### Exercise brief
Repeat, line for line, the entries below from the first line to the line containing "Classic White and", counting both ends.

Start of Block

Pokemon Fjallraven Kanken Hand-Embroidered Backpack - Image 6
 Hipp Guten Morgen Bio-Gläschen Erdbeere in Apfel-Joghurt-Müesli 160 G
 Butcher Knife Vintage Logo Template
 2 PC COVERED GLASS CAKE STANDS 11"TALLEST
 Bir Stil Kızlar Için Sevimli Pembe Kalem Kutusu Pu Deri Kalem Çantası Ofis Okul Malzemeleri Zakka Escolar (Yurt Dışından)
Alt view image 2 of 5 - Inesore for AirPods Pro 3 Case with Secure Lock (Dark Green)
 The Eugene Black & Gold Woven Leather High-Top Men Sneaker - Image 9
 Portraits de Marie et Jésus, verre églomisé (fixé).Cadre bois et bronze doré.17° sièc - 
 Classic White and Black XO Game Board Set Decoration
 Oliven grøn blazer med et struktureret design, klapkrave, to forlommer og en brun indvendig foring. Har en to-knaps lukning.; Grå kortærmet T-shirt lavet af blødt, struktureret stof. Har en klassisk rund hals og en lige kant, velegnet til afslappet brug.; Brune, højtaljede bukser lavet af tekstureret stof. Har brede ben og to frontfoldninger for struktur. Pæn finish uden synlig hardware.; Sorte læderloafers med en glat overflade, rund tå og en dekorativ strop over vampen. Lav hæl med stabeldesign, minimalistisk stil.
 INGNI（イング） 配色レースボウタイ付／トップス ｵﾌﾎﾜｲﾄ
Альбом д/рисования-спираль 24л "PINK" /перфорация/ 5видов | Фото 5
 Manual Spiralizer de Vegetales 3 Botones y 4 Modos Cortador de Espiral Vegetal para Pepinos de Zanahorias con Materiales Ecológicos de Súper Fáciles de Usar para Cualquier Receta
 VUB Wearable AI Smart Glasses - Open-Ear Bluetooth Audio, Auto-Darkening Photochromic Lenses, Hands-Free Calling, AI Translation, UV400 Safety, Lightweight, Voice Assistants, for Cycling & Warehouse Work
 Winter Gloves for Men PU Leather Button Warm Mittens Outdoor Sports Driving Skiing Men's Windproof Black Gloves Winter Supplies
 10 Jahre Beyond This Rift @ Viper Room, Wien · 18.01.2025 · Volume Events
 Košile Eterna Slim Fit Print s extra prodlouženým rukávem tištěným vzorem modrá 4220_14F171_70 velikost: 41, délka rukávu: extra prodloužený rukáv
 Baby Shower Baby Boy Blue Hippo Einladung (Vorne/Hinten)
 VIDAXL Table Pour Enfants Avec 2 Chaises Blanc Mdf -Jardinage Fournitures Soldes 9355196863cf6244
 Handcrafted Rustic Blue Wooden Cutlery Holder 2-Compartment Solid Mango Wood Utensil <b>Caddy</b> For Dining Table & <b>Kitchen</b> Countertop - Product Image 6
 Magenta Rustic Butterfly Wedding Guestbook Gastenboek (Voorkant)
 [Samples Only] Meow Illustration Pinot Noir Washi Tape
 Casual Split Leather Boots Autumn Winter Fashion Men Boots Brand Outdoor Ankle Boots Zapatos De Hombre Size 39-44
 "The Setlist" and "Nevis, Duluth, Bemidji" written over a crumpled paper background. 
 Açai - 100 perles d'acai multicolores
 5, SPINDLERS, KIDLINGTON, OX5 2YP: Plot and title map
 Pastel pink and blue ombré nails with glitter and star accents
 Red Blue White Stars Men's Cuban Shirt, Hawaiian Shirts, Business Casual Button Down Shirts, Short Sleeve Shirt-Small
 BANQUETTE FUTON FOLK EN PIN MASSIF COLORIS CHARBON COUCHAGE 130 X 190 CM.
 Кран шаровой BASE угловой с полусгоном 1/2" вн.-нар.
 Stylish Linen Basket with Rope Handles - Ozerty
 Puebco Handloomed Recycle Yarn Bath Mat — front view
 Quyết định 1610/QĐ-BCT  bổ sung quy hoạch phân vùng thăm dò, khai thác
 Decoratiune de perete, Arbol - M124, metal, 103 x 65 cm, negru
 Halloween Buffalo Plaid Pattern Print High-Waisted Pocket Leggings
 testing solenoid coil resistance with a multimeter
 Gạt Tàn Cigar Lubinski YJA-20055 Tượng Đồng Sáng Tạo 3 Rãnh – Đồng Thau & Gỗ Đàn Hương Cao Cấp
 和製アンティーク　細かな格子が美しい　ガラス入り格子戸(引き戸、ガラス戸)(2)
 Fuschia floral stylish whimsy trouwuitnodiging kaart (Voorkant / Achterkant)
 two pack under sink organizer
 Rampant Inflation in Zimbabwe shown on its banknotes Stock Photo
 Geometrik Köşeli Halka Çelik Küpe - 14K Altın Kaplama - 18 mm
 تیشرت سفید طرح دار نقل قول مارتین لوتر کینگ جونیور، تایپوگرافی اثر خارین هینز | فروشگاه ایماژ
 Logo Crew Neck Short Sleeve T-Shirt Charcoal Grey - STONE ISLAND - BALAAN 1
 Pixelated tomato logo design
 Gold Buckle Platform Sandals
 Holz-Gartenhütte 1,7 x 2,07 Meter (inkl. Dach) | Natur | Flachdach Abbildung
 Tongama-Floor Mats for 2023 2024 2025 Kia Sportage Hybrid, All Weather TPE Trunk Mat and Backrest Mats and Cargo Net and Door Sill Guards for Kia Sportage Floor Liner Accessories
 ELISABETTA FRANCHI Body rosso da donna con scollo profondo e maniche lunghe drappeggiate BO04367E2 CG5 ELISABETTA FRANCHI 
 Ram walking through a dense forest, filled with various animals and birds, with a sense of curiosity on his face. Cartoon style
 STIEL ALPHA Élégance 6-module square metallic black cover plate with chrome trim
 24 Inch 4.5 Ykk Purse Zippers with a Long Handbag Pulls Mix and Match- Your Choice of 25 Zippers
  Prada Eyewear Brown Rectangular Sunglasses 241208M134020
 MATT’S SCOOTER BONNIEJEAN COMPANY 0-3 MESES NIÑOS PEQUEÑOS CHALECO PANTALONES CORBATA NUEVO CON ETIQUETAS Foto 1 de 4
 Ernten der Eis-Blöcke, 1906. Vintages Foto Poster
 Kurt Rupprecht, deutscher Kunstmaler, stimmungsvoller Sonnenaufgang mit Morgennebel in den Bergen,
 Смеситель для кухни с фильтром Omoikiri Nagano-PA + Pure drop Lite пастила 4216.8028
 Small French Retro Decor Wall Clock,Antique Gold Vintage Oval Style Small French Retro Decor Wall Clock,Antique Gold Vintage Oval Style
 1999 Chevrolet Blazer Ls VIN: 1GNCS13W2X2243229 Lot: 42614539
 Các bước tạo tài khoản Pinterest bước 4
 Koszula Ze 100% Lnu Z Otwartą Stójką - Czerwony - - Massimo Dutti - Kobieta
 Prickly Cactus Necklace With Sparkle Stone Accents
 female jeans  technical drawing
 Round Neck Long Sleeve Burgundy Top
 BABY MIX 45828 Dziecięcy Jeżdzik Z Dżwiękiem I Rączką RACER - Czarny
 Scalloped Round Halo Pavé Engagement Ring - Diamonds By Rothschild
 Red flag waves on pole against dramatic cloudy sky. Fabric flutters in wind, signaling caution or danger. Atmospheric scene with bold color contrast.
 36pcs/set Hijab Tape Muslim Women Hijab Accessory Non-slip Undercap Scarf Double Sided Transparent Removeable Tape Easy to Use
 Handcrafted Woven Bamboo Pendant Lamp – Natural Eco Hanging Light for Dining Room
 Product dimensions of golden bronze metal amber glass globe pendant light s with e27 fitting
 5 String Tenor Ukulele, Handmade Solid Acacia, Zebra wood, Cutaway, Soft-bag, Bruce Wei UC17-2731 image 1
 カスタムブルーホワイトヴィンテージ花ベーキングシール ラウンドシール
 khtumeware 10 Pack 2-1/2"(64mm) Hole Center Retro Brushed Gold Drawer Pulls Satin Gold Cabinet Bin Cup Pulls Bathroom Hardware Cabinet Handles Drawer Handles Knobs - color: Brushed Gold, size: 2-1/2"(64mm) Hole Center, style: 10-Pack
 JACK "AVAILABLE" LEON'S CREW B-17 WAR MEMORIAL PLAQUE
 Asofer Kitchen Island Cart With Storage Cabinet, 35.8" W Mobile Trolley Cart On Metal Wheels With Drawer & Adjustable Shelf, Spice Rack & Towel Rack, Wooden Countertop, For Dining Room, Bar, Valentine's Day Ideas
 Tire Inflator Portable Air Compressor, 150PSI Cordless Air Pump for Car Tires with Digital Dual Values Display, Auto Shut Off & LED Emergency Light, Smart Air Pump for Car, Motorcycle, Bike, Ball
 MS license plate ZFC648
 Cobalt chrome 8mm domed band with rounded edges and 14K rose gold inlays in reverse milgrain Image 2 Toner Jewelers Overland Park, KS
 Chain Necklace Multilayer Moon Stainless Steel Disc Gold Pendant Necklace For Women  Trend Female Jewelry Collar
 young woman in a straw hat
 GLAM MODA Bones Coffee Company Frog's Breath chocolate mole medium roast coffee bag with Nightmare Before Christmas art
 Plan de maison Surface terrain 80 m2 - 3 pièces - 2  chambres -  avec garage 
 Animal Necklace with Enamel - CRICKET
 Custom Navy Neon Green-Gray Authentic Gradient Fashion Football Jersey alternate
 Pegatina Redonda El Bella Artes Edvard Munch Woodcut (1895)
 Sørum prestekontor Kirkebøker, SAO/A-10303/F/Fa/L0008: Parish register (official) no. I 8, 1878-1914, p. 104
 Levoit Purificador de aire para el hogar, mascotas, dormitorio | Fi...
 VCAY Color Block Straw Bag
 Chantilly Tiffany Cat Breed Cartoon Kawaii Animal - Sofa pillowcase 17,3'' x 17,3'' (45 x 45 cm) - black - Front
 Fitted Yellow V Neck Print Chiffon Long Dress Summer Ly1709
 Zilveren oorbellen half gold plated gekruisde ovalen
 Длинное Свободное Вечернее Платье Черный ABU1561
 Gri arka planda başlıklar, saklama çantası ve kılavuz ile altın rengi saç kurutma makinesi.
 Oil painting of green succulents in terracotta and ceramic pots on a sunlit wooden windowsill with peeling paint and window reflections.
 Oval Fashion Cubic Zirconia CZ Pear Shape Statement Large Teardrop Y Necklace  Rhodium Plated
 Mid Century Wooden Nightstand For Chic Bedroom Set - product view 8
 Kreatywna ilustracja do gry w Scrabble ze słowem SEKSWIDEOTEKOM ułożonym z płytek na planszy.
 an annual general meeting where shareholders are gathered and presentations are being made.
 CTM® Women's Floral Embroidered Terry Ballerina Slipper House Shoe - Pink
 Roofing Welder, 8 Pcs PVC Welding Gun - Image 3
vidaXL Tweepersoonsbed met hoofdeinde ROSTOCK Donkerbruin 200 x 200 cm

End of Block

### Exercise output
Pokemon Fjallraven Kanken Hand-Embroidered Backpack - Image 6
 Hipp Guten Morgen Bio-Gläschen Erdbeere in Apfel-Joghurt-Müesli 160 G
 Butcher Knife Vintage Logo Template
 2 PC COVERED GLASS CAKE STANDS 11"TALLEST
 Bir Stil Kızlar Için Sevimli Pembe Kalem Kutusu Pu Deri Kalem Çantası Ofis Okul Malzemeleri Zakka Escolar (Yurt Dışından)
Alt view image 2 of 5 - Inesore for AirPods Pro 3 Case with Secure Lock (Dark Green)
 The Eugene Black & Gold Woven Leather High-Top Men Sneaker - Image 9
 Portraits de Marie et Jésus, verre églomisé (fixé).Cadre bois et bronze doré.17° sièc - 
 Classic White and Black XO Game Board Set Decoration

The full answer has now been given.